Last month the Supreme Court did what courts do; the justices issued a verdict based on the law. In the case of Citizens United v. Federal Election Commission, the United States Supreme Court ruled that the First Amendment applies to corporations, non-profit organizations and labor unions just as it applies to individual persons. Rarely do we find issues that come so close to our profession as fodder for the Supremes so I couldn’t let this pass without a bit of punditry.
But first, a time out to note that within a week of their moment of clarity, the Supremes found themselves on the sharp end of an Obama ambush. While sitting as invited guests of the Congress at the State of the Union Address (just feet from the rostrum where the President delivered his remarks) the Court was subjected to a shocking insult from the President of the United States. It seems that the President’s progressive view of the Constitution is out of synch with the interpretation of the founders intent provided by the Court. So President Obama decided to humiliate the Court in front of the entire nation. Classy move but I digress.
The decision doesn’t seem all that complicated and yet it was a 5-4 decision with a blistering condemnation from the dissenting justices. Writing for himself as well as Justices Breyer, Ginsburg and Sotomayor, Justice Stevens argues that the First Amendment right of free speech does not extend to corporations, labor unions and the like.
What the justices said in this case is that a union like the Service Employees International Union or a corporation like IBM could engage in their own political speech. So if the SEIU wants to buy radio or television commercials advocating the election of a candidate, they may do so and the money they spend is not subject to the limitations of the Federal Election Commission so long as they don’t coordinate with any candidate in the process of making their ads or their speech. So, as long as they’re on their own, they can say whatever they want. That is what the First Amendment says, according to the justices. Case closed.
One of the things that has been most troubling in the aftermath of the decision is the confusion about what it really was. I’ve heard a dozen smart pundits on television and radio describe it as opening the floodgates for money to pour into campaigns; I’ve heard supposedly serious journalists say that now corporations can give unlimited money to candidates whereas individuals are still limited to a couple of thousand dollars; even the White House predicted that now foreign corporations would be pouring money into campaigns here in the US. All of that is patently false and I believe those who have uttered those fearful predictions knew they were false.

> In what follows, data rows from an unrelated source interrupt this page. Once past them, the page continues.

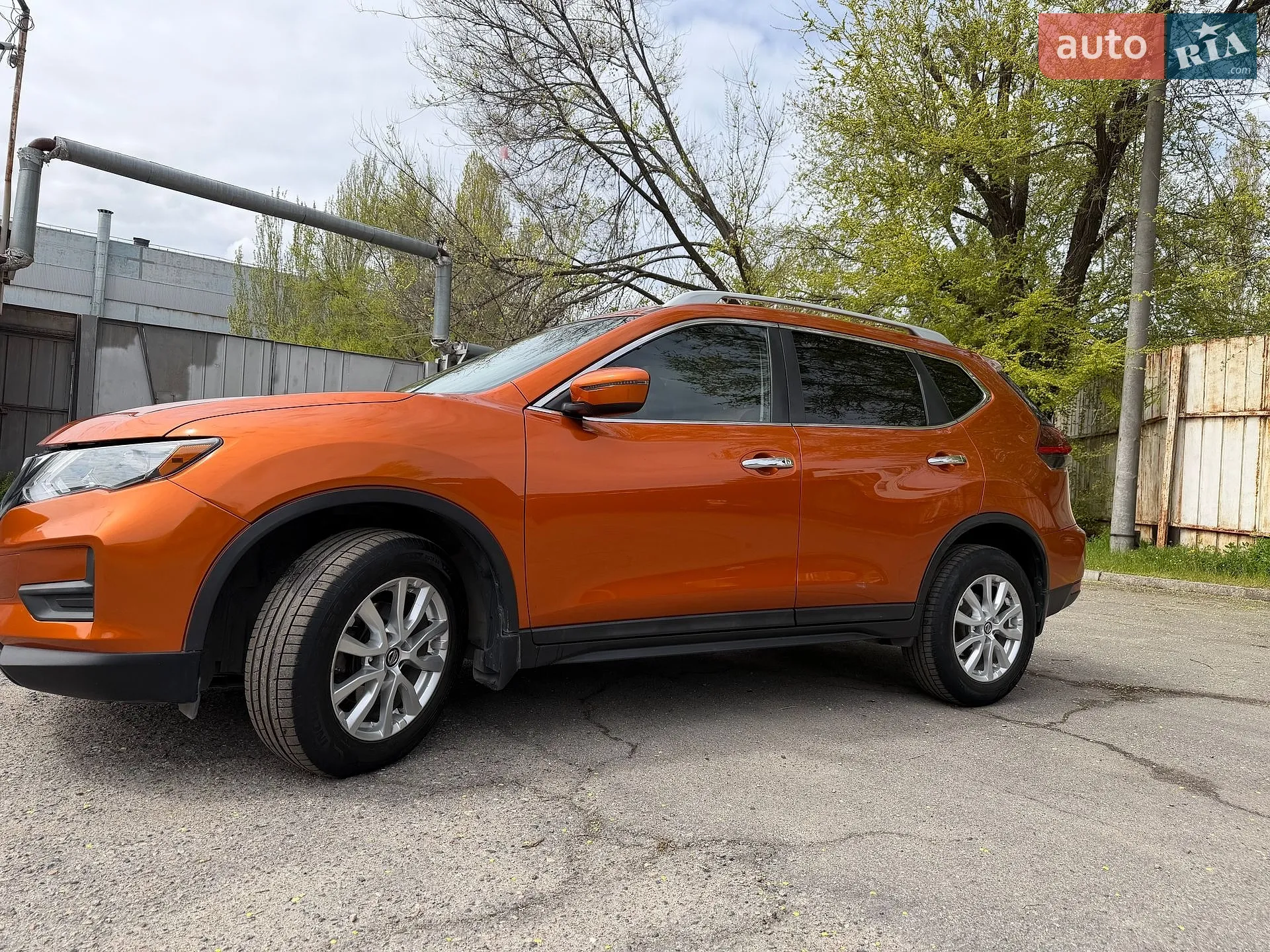 2018 Nissan Rogue - мініатюра 2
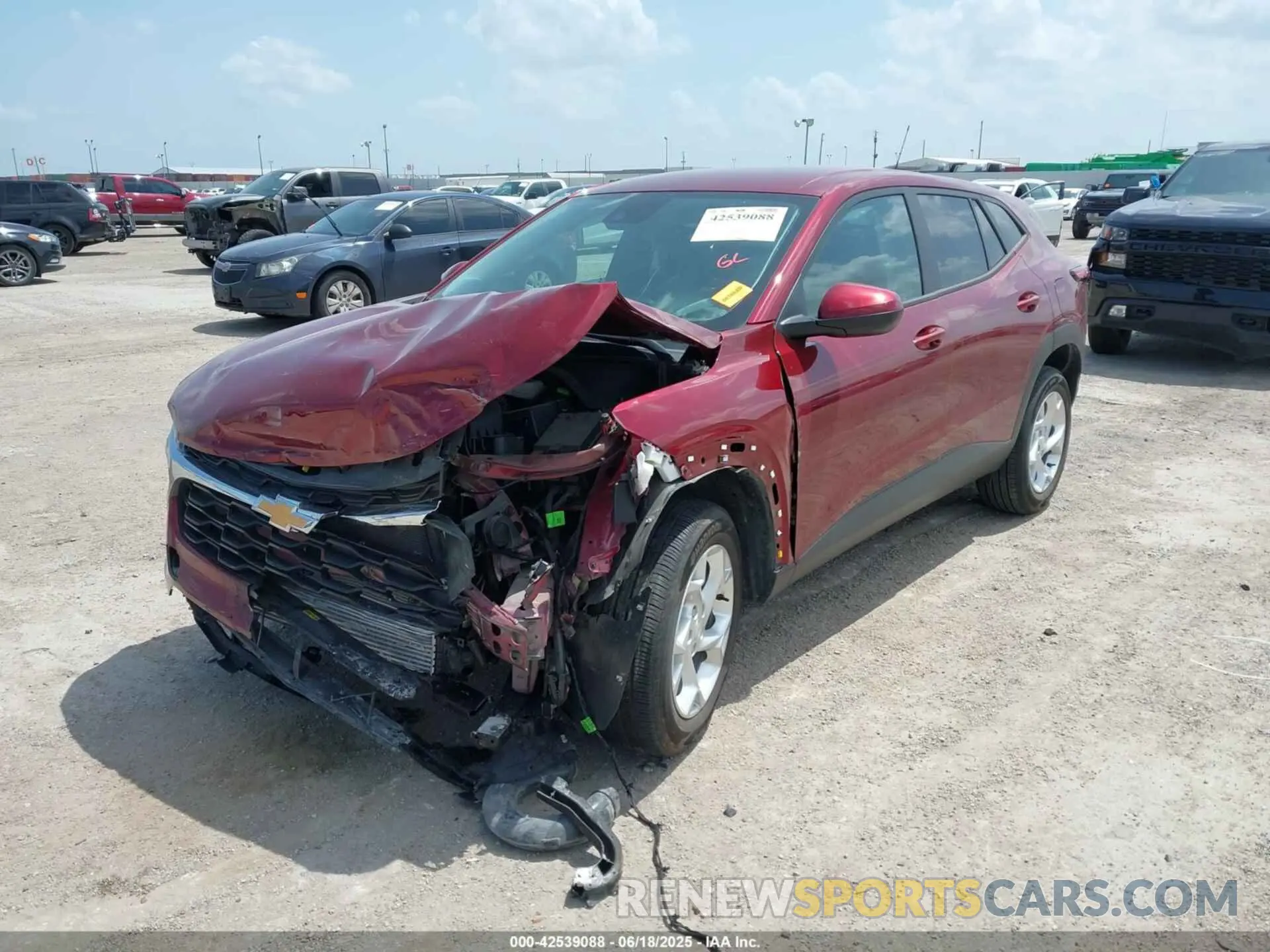 2 Photograph of a damaged car KL77LFE28RC130605 CHEVROLET TRAX 2024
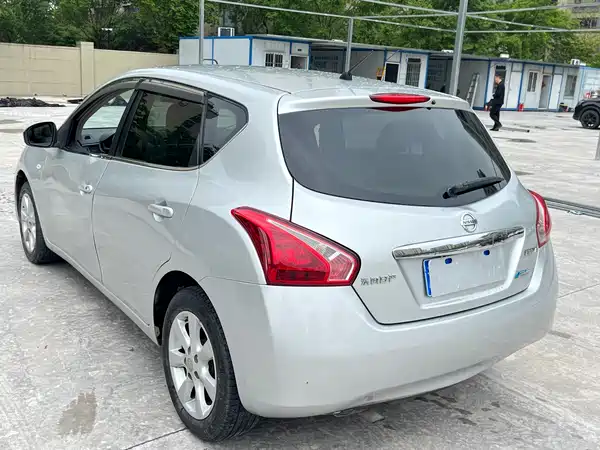 Nissan Tiida 2013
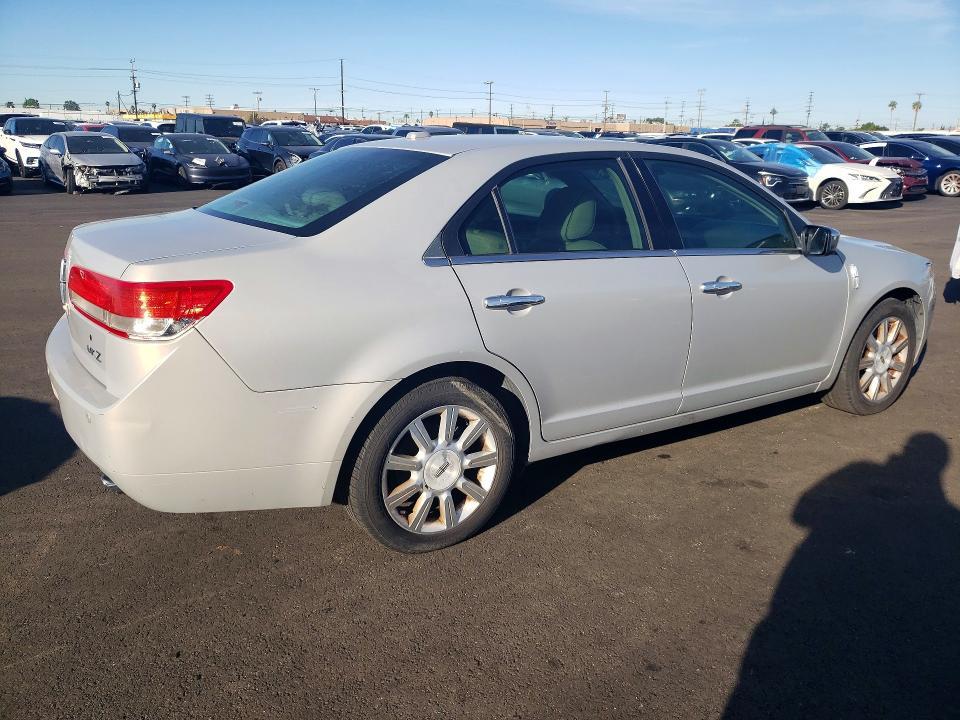 2010 Lincoln Townhouse MKZ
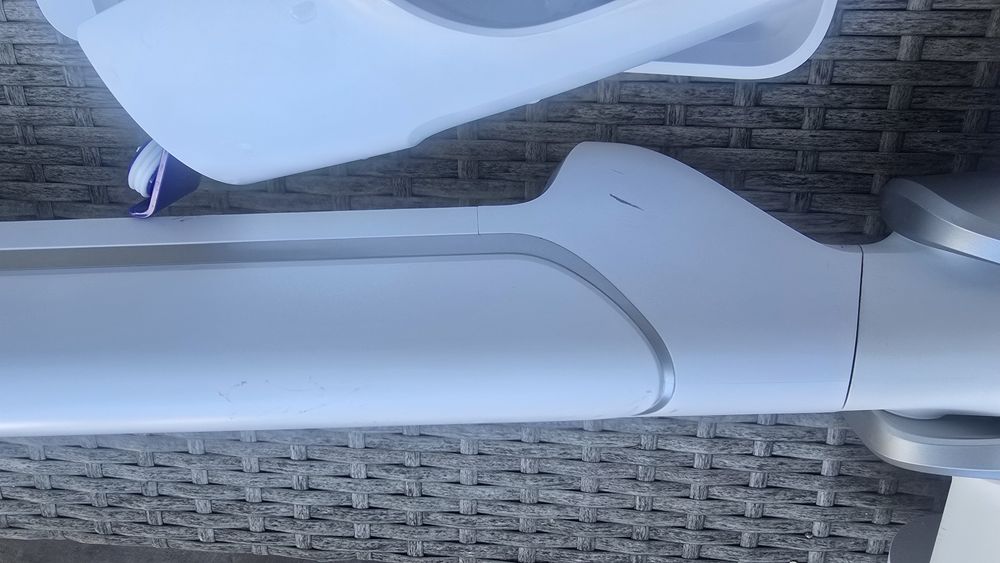 Aspirator vertical fara fir cu spalare Rowenta X-Clean 10 GZ7540WO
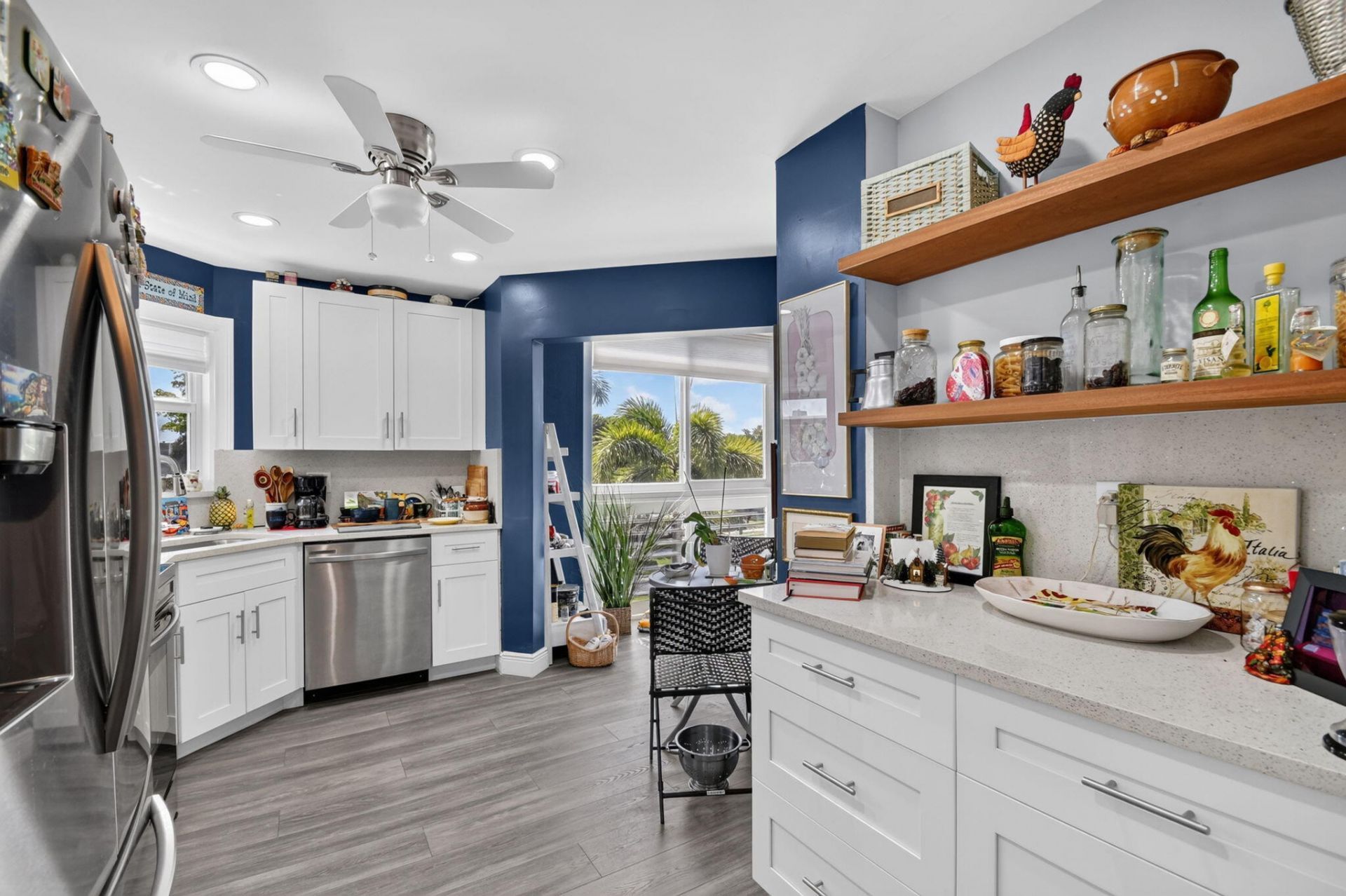 3590 Via Poinciana, Unit 311, Lake Worth, FL 33467 Photo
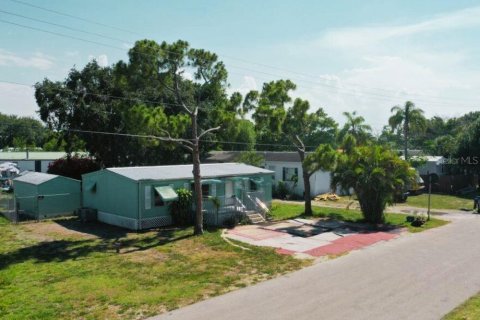House in Clewiston, Florida 3 bedrooms, 89.19 sq.m. № 2217813 - photo 2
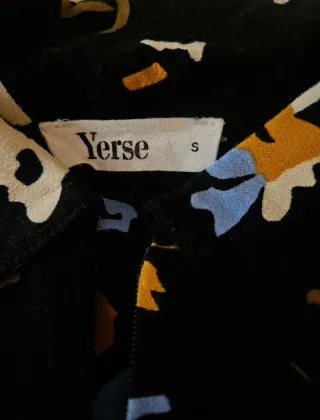 Blusa estampada Yerse Talla S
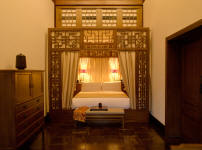 Aman at Summer Palace - Deluxe Suite bedroom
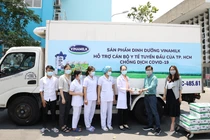 Vinamilk ủng hộ 8 tỷ giúp Hà Nội và 3 tỉnh miền Trung chống COVID-19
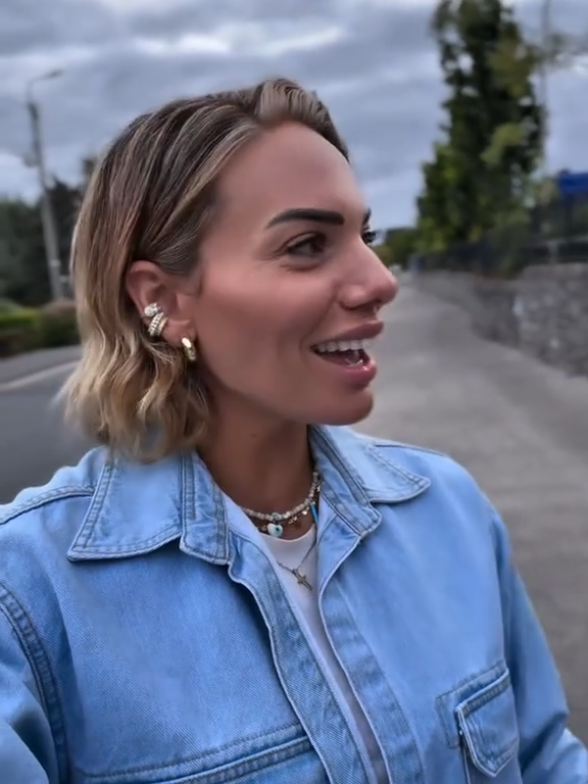 @imaleskou_fans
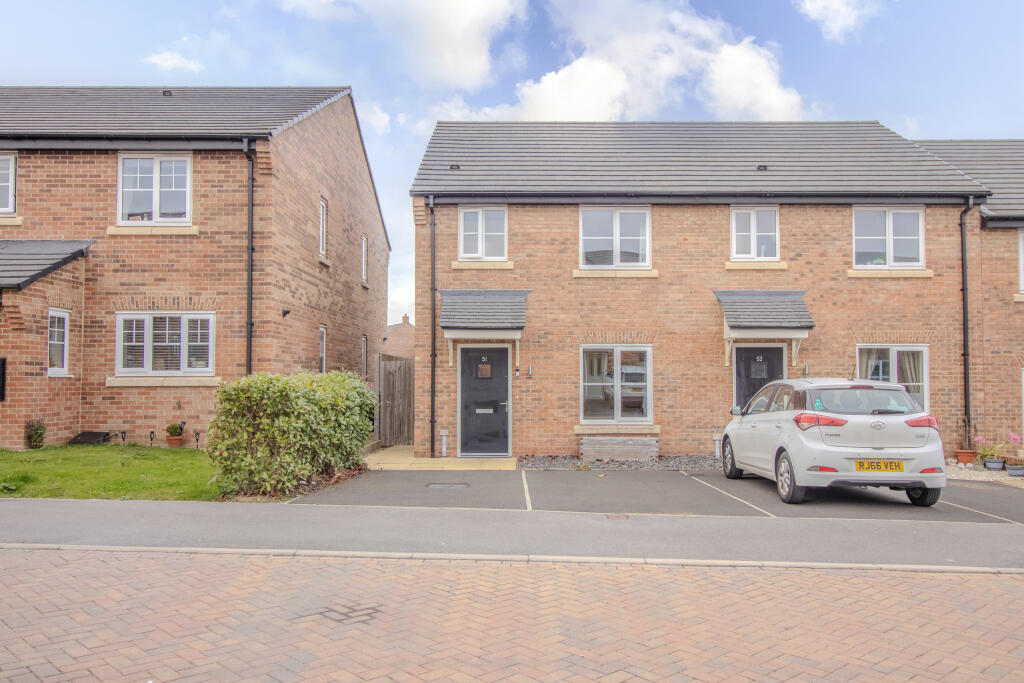 3 bedroom end of terrace house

To their credit, the White House “clarified” their remarks after a couple of days.
Back to our saga… The case was a challenge to provisions of the McCain-Feingold campaign reform legislation enacted in 2002. The congress made a mistake by thinking that it was okay to limit political speech and the judges had the courage to assert the Constitutional protections of the most precious First Amendment. I’m glad they did. Not because I like the idea of corporations, unions and others spending scores of millions of dollars on political advertising. I hate that idea. But I love the Constitution and free speech and I don’t like the idea of the government limiting what anyone can say, particularly when that limit is aimed at political speech. I just don’t trust the government to be fair or objective in a thing like this.
It has been interesting to read the coverage of this case. Much of the ire has been directed at “corporations” who, it is presumed, will now spend millions of dollars on behalf of their favorite candidates. Little mention has been made of labor unions who have been already doing that for decades. I can’t imagine that very many corporations will open their own election advertising departments. It just isn’t the nature of corporations to do something like that. They’d end up offending nearly half of their customers (perhaps more), just for making the attempt.
So let’s all take a moment to applaud the justices for giving the First Amendment a little due. And if the corporations and unions let forth with a barrage of useless advertising in the next election cycle, let’s punish them by ignoring it.